We focus on the widely adopted keyword-based vector space model to represent users’ profiles and POIs’ descriptions (de Gemmis, Lops, Musto, Narducci, & Semeraro, 2015). According to this model, the POIs’ description and the users’ profiles are represented as two vectors in an n-dimensional space, where each dimension corresponds to a Topic of Interest, or TOI for short. A TOI is a keyword, that describes a subject on which a traveler can find interesting attractions in the region; examples of TOIs could be History, Religion, Art, and so on. The travel recommendation is then computed by means of a suitable matching technique between these two vectors. For example, suppose that the profile of a tourist in Rome defined on the TOIs History, Religion, and Art has higher scores on History, then the Matching Module will return a list of POIs where the Colosseum and the Roman Forum are ranked higher than the National Gallery of Modern and Contemporary Art.
A critical aspect in the design of an effective content-based travel recommender system is to create a rich enough Knowledge Base with a suitable description of a large set of POIs. The description of a POI in the Knowledge Base should encode how much this POI is relevant for the set of TOIs presented to the user. Obtaining such a description for each POI often relies on a manual classification which is an expensive task (see, e.g., Batet, Moreno, Sánchez, Isern, and Valls (2012); Gavalas et al. (2015); Gavalas and Kenteris (2011); Lim et al. (2015); Lucas et al. (2013); Martínez Santiago et al. (2012); Meehan, Lunney, Curran, and McCaughey (2013); Savir, Brafman, and Shani (2013); Umanets, Ferreira, and Leite (2014); Vansteenwegen et al. (2011)). Also, if the list of TOIs changes, a different description for the POIs may be needed. Thus the maintenance of these systems is an expensive task and it may become particularly critical in those contexts where territorial policy makers want to offer their tourists TOIs that vary based on available seasonal attractions and events. For example, suppose that in a certain period there is a special event in a region, such as a music festival; a regional policy maker can decide to introduce the new TOI Music in the system so that tourists who visit the region because of the festival will find POIs that are particularly interesting for them.
This paper focuses on the design of the Content Analyzer for a travel recommender system. Motivated in part by a research grant of the Umbria Region of Italy1 (see also Binucci, Didimo, Liotta, Montecchiani, & Sartore (2013)), we study the following problem: Given a geographic region and a set of TOIs (defined by a policy maker who wants to promote the touristic attractions of a territory), compute the relevance of the POIs in with respect to the given TOIs.
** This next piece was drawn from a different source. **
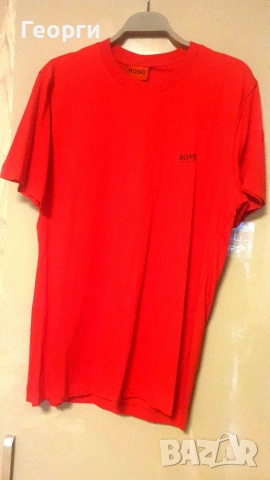 Мъжки тениски Gucci,Boss,Armani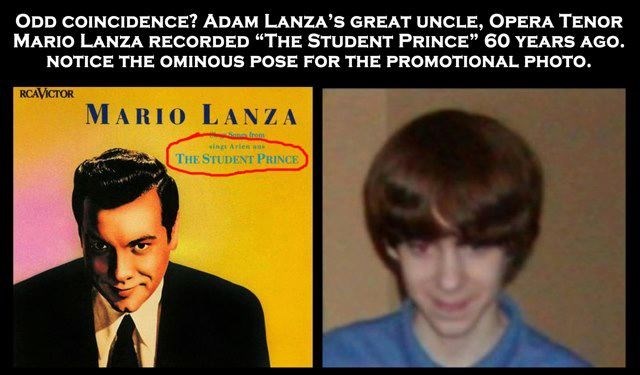 Rođak opjevao Lanzin pokolj?!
We propose a graph-based algorithmic method specifically tailored for the context of a travel recommender system and we embed such method in a content analyzer called Cicero2. The main features of Cicero are as follows.
- •
Cicero receives as input a region and a set of TOIs ; it retrieves a set of POIs in region and it computes as output a description for each POI. The description of a POI pi ∈ P is an array whose j-th element is a numeric value in the range [0, 1] that represents the relevance of pi with respect to TOI tj.
- •
The computation of the descriptions of the POIs is unsupervised and automatic. Since it is unsupervised, it does not require a training set of reliable data, which can be difficult to obtain. The fact that it is automatic allows us to handle large geographic regions with thousands of POIs, for which a manual assignment would be impractical or too expensive.
- •
Cicero relies on publicly accessible Web resources and does not use an ontology. Ontologies are often used to represent (and reason about) the tourism domain knowledge (see, e.g., Castillo et al. (2008); Lee et al. (2009); Moreno, Valls, Isern, Marin, and Borrás (2013); Ruotsalo et al. (2013); Wang, Zeng, and Tang (2011)). However, ontologies for travel recommender systems are typically designed ad-hoc and built manually, which can be a time-consuming and labor-intensive task. Instead, the proposed technique computes a description of each POI by executing a shortest path algorithm on a suitable concept network that is extracted by automatically crawling Wikipedia3 and OpenStreetMap4.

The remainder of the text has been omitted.